[Kde-pim] PIM Sprint report: Akonadi Next
Christian Mollekopf
chrigi_1 at fastmail.fm
Wed Nov 26 14:47:08 GMT 2014
On Wednesday 26 November 2014 15.12:23 Sebastian Kügler wrote:
> Hi PIMsters,
>
Hi Sebastian,
> On Wednesday, November 26, 2014 13:16:49 Daniel Vrátil wrote:
> > Aaron has also shared some slides [0] that Christian presented on the
> > sprint regarding this change
> >
> > [0] https://plus.google.com/+AaronSeigo/posts/Xt7HNZJV5UJ
>
> The proposed plan worries me. If the port to KF5 and the radical redesign
> which is proposed go together, which they do (the port is just a dev cycle,
> no release, so it's not a user-visible artifact), that means the following:
>
The port and the new design do not go together.
> - Less branches to maintain, there's stable (KDE4libs-based) and there's dev
> (KF5-based, akonadi redesigned from a certain point, etc.)
>
The new akonadi would only be on top of KF5. Porting first, then new akonadi.
> - For Plasma, we'll have to ship the KDE4libs-based version forever (or at
> least until the transition is done and stabilized, from experience and given
> the current strength of the community, 4 years?
>
Meaning you need the current akonadi api for the next 4 years working?
(that is something we might provide, so that's an actual question)

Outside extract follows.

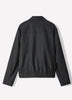 Woven Mens Jacket, Brushed Fabric, Milkman Style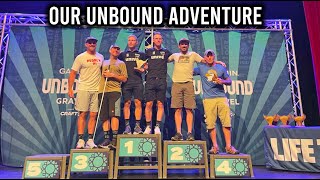 Unbound Gravel 2023 | I piloted a tandem for...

> - We'd need a way to access and integrate data from the KDE4libs-based
> Akonadi stack, such as calendaring, addressbooks, and perhaps at some point
> even email (I'd like to revive Lion Mail somewhen, I don't see how I could
> do that with the proposed plans still within my event horizon.) The current
> plan almost forces us to reconsider integrating Plasma with KDEPIM, and go
> look for other solutions.
>
While I understand your worries, I think you're jumping the gun. No decisions
have been taken and we'll certainly consider things like providing a smooth
transition for existing akonadi users.
> - Moving to Wayland with a lot of Qt4 baggage will be hard. Add a ton of
> other things why we'd need Qt5 to that.
>
?
> - The plan may make sense for enterprise scenarios, where a migration to
> PIM/5 is realistically many years away, but users who'd like to lift their
> whole stack to Qt5/KF5 before that?
>
If the new akonadi materializes, we'll certainly consider existing users. And
no, I don't plan on repeating the experience of the transition to akonadi.
>
> To me, the plan proposed does not sound like its considering the full user
> and stakeholder base. There's also no sufficient transition plan that
> solves our (Plasma's) problems. The most positive thing that came up (and
> not in the proposal, but in this thread, is a library without any
> guarantees). That's not very encouraging for something as sensible and
> central to the user experience as personal data.
>
Please consider that we're in a very early design stage, and while we do not
yet have all answers, we're working on it.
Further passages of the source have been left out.